R. Oltre alla revisione del sistema di incentivi alle imprese, certamente un efficace strumento per stimolare la ripresa economica è costituito dalla leva fiscale. Ma la riduzione della pressione fiscale va attuata insieme a una riduzione degli oneri contributivi, che appesantiscono notevolmente il costo del lavoro. Le attuali aliquote andrebbero ridotte sia nella parte che grava sulle imprese sia in quella che sta a carico dei dipendenti. Misure di questo genere servirebbero a restituire competitività alla produzione nazionale nei riguardi della concorrenza straniera, e nello stesso tempo ad aumentare il salario o lo stipendio nella busta paga del lavoratore. Questo, secondo noi, sarebbe uno strumento efficace.
D. In quali altri campi si potrebbe agire per stimolare la ripresa?
R. Esistono vari altri settori da sviluppare, che costituirebbero fonti di reddito notevoli. Basta pensare al turismo, che potrebbe generare un giro d’affari notevolmente superiore a quello attuale se curato e gestito meglio. Un forte impulso può essergli dato con una riduzione dell’Iva, ad esempio dall’attuale aliquota del 9 a una del 5 per cento, come quella che è in vigore in Francia e in Spagna. Il turismo è un grande settore sul quale è possibile puntare se però le nostre imprese diventano competitive sul mercato internazionale.

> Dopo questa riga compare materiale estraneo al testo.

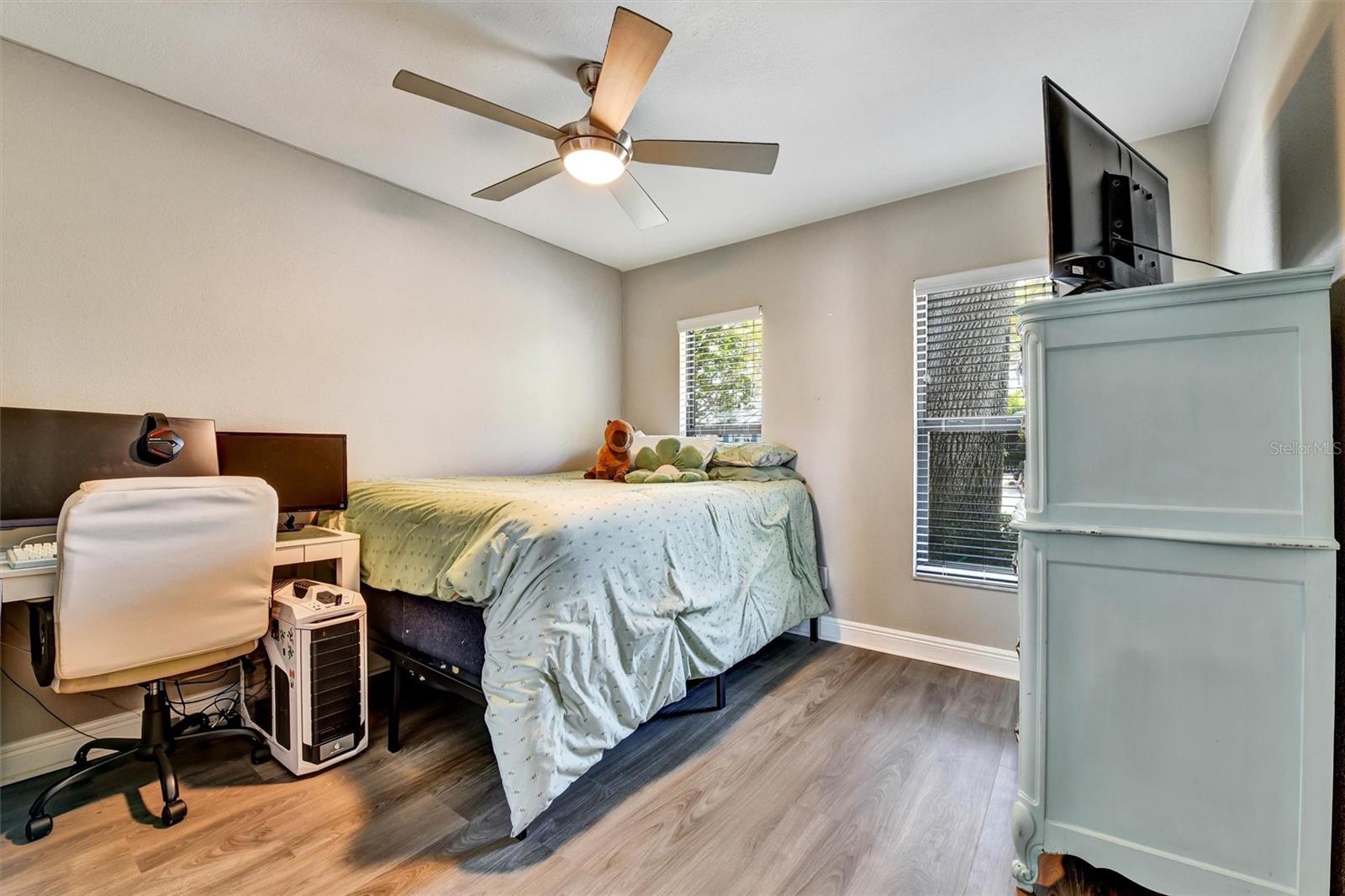 Image 33 of 53 For 1148 Falcon Drive 3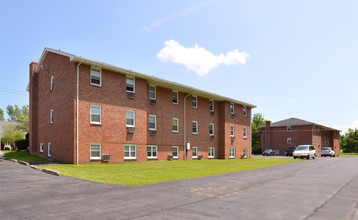 East Towne in Lockport, NY - Foto de edificio - Building Photo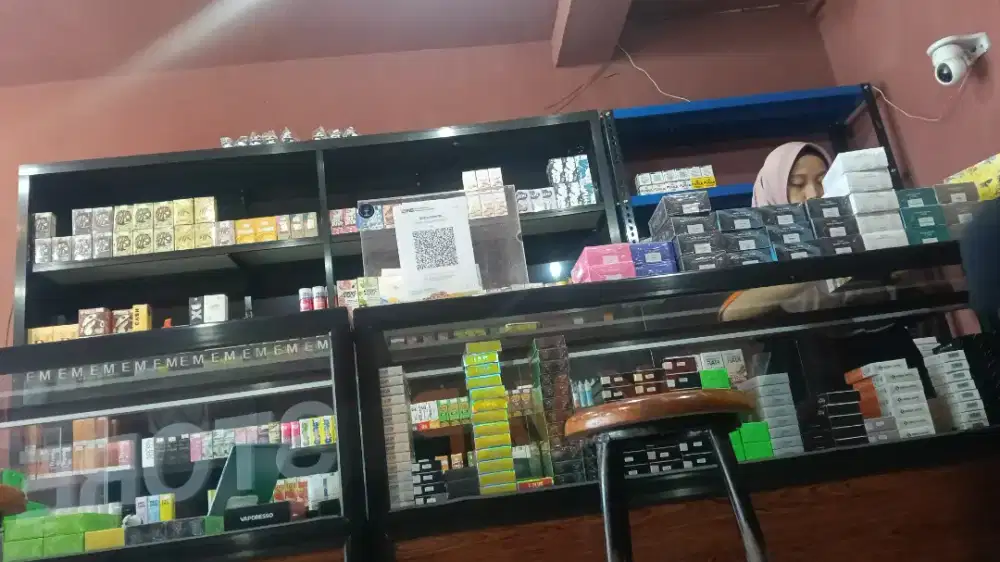 Di cari pegawai wanita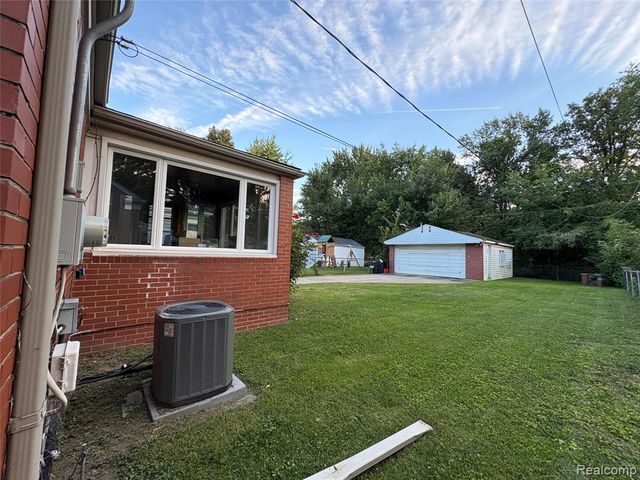 20306 Woodmont Street, Harper Woods, MI 48225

D. Quale politica il centrosinistra propone per le piccole e medie imprese che concorrono in maniera determinante alla formazione del prodotto interno nazionale?
R. Una condizione indispensabile è rappresentata dalla crescita di dimensione delle imprese italiane, che sono sottodimensionate. Per favorirne lo sviluppo potrebbero attuarsi due grandi iniziative. La prima consistente nello stimolare quelle medie, con incentivi fiscali, a fondersi tra loro; questo perché la media dimensione è quella che oggi attraversa le maggiori difficoltà. Questa soluzione non andrebbe bene, invece, per le piccole imprese, che presentano un altro tipo di problemi: hanno bisogno di incentivi non per fondersi ma per operare insieme, in particolare per affrontare l’internazionalizzazione, l’innovazione e l’accesso al credito. Obbligarle a fondersi equivarrebbe a farle perdere l’autonomia; e inoltre, se un’impresa di tre dipendenti si fonde con un’altra che ne ha altrettanti, non nascerebbe un gigante, mentre entrambe perderebbero la loro autonomia. Diverso è il caso di venti piccole aziende che si mettono insieme per avere più facile accesso al credito, innovare i processi produttivi, affrontare i mercati internazionali; in questi casi il sistema pubblico, nazionale o regionale, dovrebbe aiutarle.
D. L’ottenimento di incentivi è spesso condizionato ed anzi ostacolato da macchinose procedure e da un’ottusa burocrazia. Come eliminare queste barriere?
R. Tutte le soluzioni da noi proposte hanno un senso solo se la burocrazia aiuta. Ma ho l’impressione che il federalismo, come è stato avviato dal centrosinistra nella scorsa legislatura e come viene portato avanti oggi dal centrodestra, è destinato a creare instabilità, a moltiplicare i centri di potere, ad aggiungere, anziché ridurre, ulteriore burocrazia. Occorre, in sostanza, mettere a punto definitivamente, una volta per tutte, le regole esistenti, anziché stare a cambiarle in continuazione, come finora è successo e come continua ad avvenire.